» Work to be completed: Restate the full set of records exactly, without adding or dropping a word.

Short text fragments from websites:

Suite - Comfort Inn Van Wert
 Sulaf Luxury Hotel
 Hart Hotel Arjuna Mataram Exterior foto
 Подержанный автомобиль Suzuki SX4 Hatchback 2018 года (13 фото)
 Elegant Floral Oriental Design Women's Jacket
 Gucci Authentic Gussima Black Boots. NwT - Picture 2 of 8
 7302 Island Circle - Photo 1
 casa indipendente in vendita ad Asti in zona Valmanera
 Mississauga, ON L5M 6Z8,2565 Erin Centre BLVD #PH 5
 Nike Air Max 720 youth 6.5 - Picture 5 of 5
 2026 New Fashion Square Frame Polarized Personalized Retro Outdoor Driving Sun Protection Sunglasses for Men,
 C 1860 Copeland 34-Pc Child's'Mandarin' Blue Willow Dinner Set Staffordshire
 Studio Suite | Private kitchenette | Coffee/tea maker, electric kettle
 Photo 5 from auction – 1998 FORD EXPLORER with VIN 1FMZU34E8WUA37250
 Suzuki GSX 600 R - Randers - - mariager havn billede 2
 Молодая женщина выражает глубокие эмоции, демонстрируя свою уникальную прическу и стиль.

» Exercise solution:
Suite - Comfort Inn Van Wert
 Sulaf Luxury Hotel
 Hart Hotel Arjuna Mataram Exterior foto
 Подержанный автомобиль Suzuki SX4 Hatchback 2018 года (13 фото)
 Elegant Floral Oriental Design Women's Jacket
 Gucci Authentic Gussima Black Boots. NwT - Picture 2 of 8
 7302 Island Circle - Photo 1
 casa indipendente in vendita ad Asti in zona Valmanera
 Mississauga, ON L5M 6Z8,2565 Erin Centre BLVD #PH 5
 Nike Air Max 720 youth 6.5 - Picture 5 of 5
 2026 New Fashion Square Frame Polarized Personalized Retro Outdoor Driving Sun Protection Sunglasses for Men,
 C 1860 Copeland 34-Pc Child's'Mandarin' Blue Willow Dinner Set Staffordshire
 Studio Suite | Private kitchenette | Coffee/tea maker, electric kettle
 Photo 5 from auction – 1998 FORD EXPLORER with VIN 1FMZU34E8WUA37250
 Suzuki GSX 600 R - Randers - - mariager havn billede 2
 Молодая женщина выражает глубокие эмоции, демонстрируя свою уникальную прическу и стиль.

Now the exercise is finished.